Io sono persuaso, se l'impresa
riesce, otterrò gli applausi generali: se soccombo, il pubblico mi
biasimerà. Sarò detto pazzo, ambizioso, turbolento, e quelli, che
nulla mai facendo passano la loro vita nel criticare gli altri, esamineranno
minuziosamente il tentativo, metteranno a scoperto i miei errori, mi
accuseranno di non esser riuscito per mancanza di spirito, di cuore e di
energia... Tutti questi detrattori, lo sappiano bene, io li considero non solo
incapaci di fare ciò che si è da me tentato, ma anche di
concepirne l'idea. A quelli che diranno che l'impresa era d'impossibile
riuscita io rispondo che se prima di combinare di tali imprese si dovesse
ottenerne l'approvazione nel mondo bisognerebbe rinunziarvi. Il mondo non
approva in prevenzione che i disegni volgari. Fu detto un pazzo colui che fece
in America l'esperimento del primo battello a vapore, e si è piú tardi
dimostrata l'impossibilità di traversare l'Atlantico con tali battelli.
Era un pazzo il nostro Colombo prima di aver scoperto l'America, e l'uomo
volgare avrebbe trattato di pazzi e d'imbecilli Annibale e Napoleone se
avessero avuto a soccombere quello alla Trebbia, questo a Marengo.
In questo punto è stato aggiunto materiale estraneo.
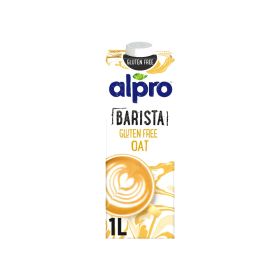 Alpro Barista Gluten Free Oat Milk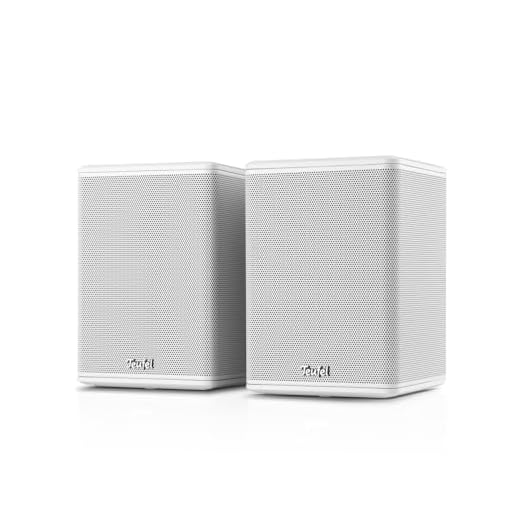 Teufel Effekt 2 Kabelloses, aktives Stereo-Lautsprecher-Paar als Rear-Speaker - weiß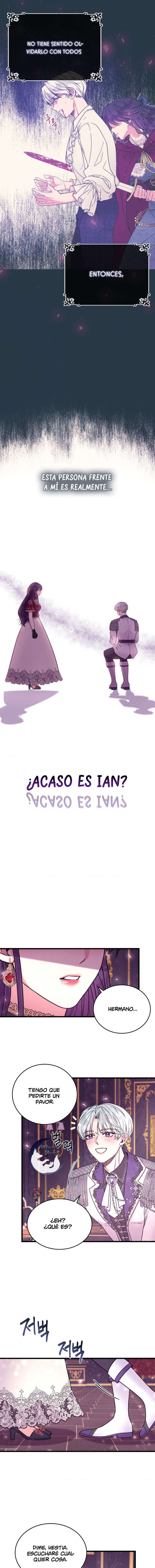 Mi Hermano Ha Cambiado capítulo 5 página 8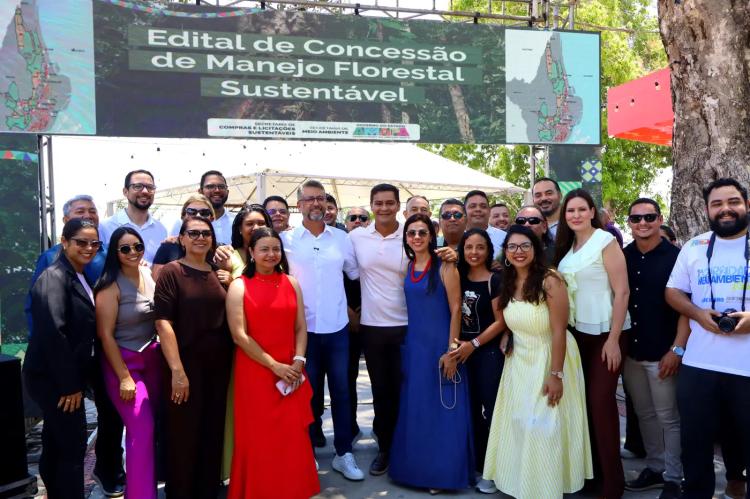 Governo do Amapá lança edital de concessão florestal com previsão de R$ 1,4 bilhão em investimentos e benefícios socioambientais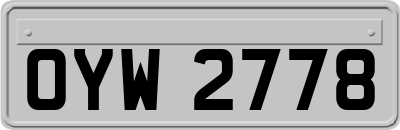 OYW2778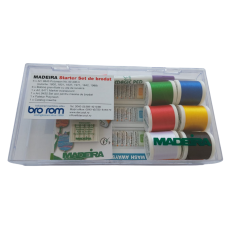 Starter set de brodat Madeira 9945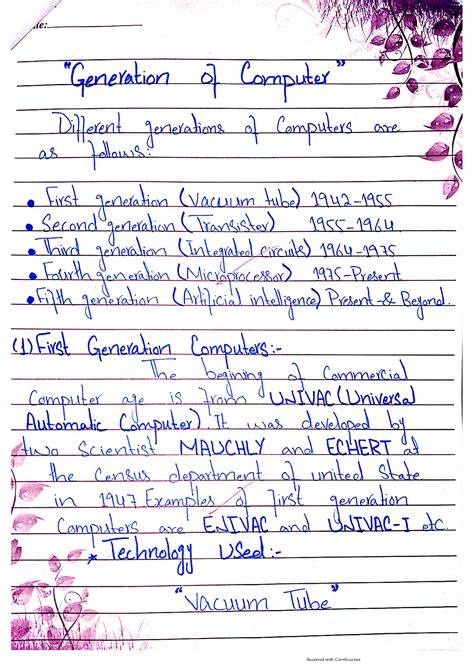 write a short note about computer language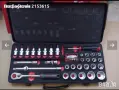 Carolus gedore гедоре slim 1/4" и 1/2" - 77 части камъни вложки битове комплект, снимка 2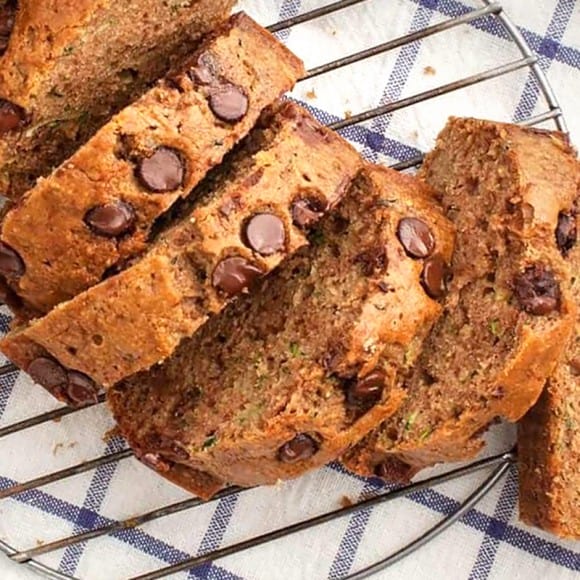 Healthy Zucchini Bread Recipe Love and Lemons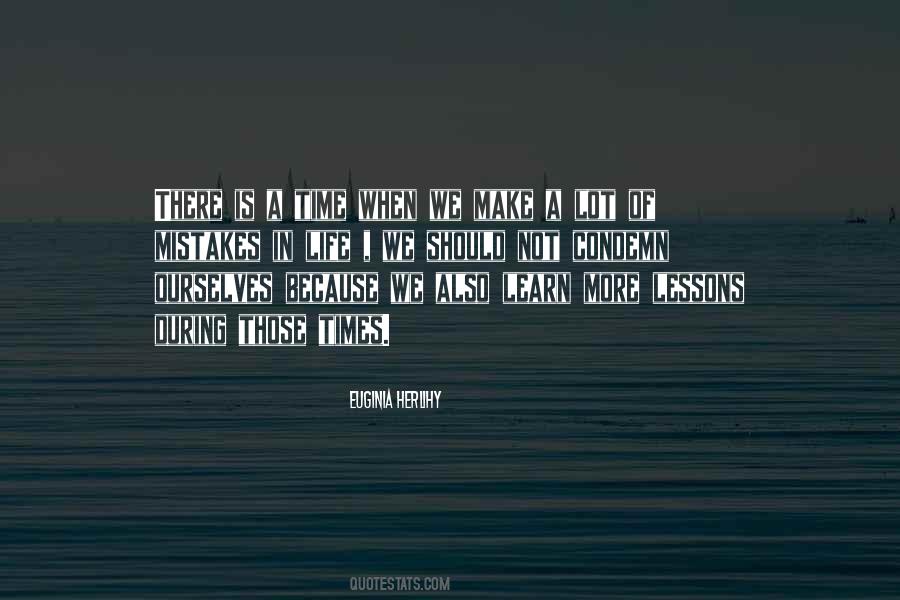 Lessons We Learn In Life Quotes #861871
Io non
pretendo paragonare la mia impresa con quelle di questi grandi uomini. Essa per
altro loro rassomiglia in una parte: perché sarà l'oggetto dell'universale
disapprovazione se fallisco, e dell'ammirazione di tutti se riesco. Se
Napoleone prima di abbandonare l'isola d'Elba per sbarcare a Fréjus con
cinquanta granatieri avesse domandato dei consigli, il suo progetto sarebbe
stato biasimato all'unanimità. Napoleone aveva ciò ch'io non ho,
il prestigio del suo nome, ma io unisco alla mia bandiera tutte le affezioni e
tutte le speranze della rivoluzione italiana. Combatteranno con me tutti i
dolori e tutte le miserie d'Italia.
Io piú non aggiungo che una parola:
se non riesco disprezzo profondamente l'uomo ignobile e volgare che mi
condannerà: se riesco apprezzerò assai poco i suoi applausi. Ogni
mia ricompensa io la troverò nel fondo della mia coscienza e nell'animo
di questi cari e generosi amici, che mi hanno recato il loro concorso ed hanno
diviso i battiti del mio cuore e le mie speranze: che se il nostro sacrifizio
non apporta alcun bene all'Italia, sarà almeno una gloria per essa
l'aver prodotto dei figli che vollero immolarsi al suo avvenire.